Text
Analisis pengaruh waktu annealing terhadap sifat mekanik hasil cetak 3D print polimer ABS
Plastik semakin diminati salah satunya adanya Teknologi yang dikembangkan
yaitu Teknologi 3D Print (pencetak tiga dimensi), dimana mesin pembuatan
produk bisa dilakukan dengan mudah, cepat, dan mendetail. Fused Deposition
Modeling (FDM), yaitu salah satu teknologi yang membentuk objek 3D dengan
cara melelehkan meterial lalu di tempatkan lapis demi lapis sehingga membentuk
sebuah objek yang diinginkan. Jenis material yang digunakan FDM adalah
thermoplastic berbentuk filament. ABS (Acrylonitrile Butadiene Styrene) adalah
polimer dari hasil minyak bumi yang bersifat thermoplastic, penggunaan material
ini juga tidak kalah populer dari filamen PLA (polylactic acid) karena filamen
ABS ini tersedia dalam berbagai macam warna yang membuatnya populer
dikalangan pengguna printer 3D sehingga objek yang dihasilkan akan lebih
menarik. Namun ada beberapa keterbatasan dengan metode ini, antara lain
permukaan akhir produk yang kasar serta kekuatan mekaniknya yang rendah.

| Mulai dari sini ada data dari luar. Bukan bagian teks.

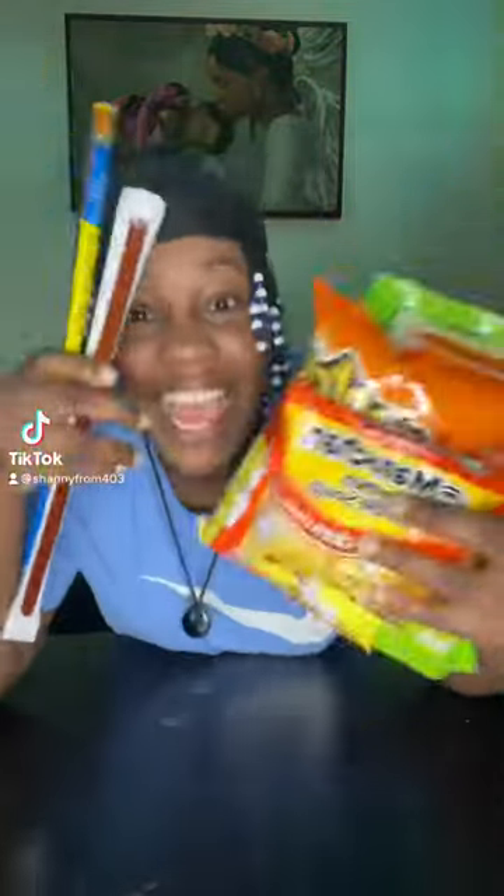What's going on TikTok? So today we're about to make a brick, a jailhouse brick, you know what I'm saying? We're about to get into it, you know?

Selain dengan memperbaiki parameter saat-proses, peningkatan kekuatan mekanik
dapat dilakukan dengan melakukan variasi parameter pasca-proses. Oleh karena
itu pada penelitian ini dilakukan variasi waktu annealing pada hasil cetak 3D.
Setelah dicetak, spesimen diannealing pada temperatur 106°C dan ditahan dengan
beberapa waktu, yaitu 80, 100, dan 120 menit lalu didinginkan secara perlahan
hingga mencapai temperatur ruanggan. Selanjutnya dilakukan pengamatan
deformasi ukuran, pengujian kekerasan dan uji tarik. Berdasarkan hasil pengujian
hasil kekerasan dan kekuatan tarik terbaik didapatkan pada waktu anil 120 menit,
dimana terjadi kenaikan kekuatan tarik 15,96% dan kekerasan 16,40%. Hasil ini
menunjukkan bahwa proses perlakuan panas annealing mempengaruhi kekerasan
dan kuat tarik ABS yang dapat ditingkatkan dengan penggunaan parameter suhu
dan waktu tahan yang tepat untuk menghindari perubahan dimensi.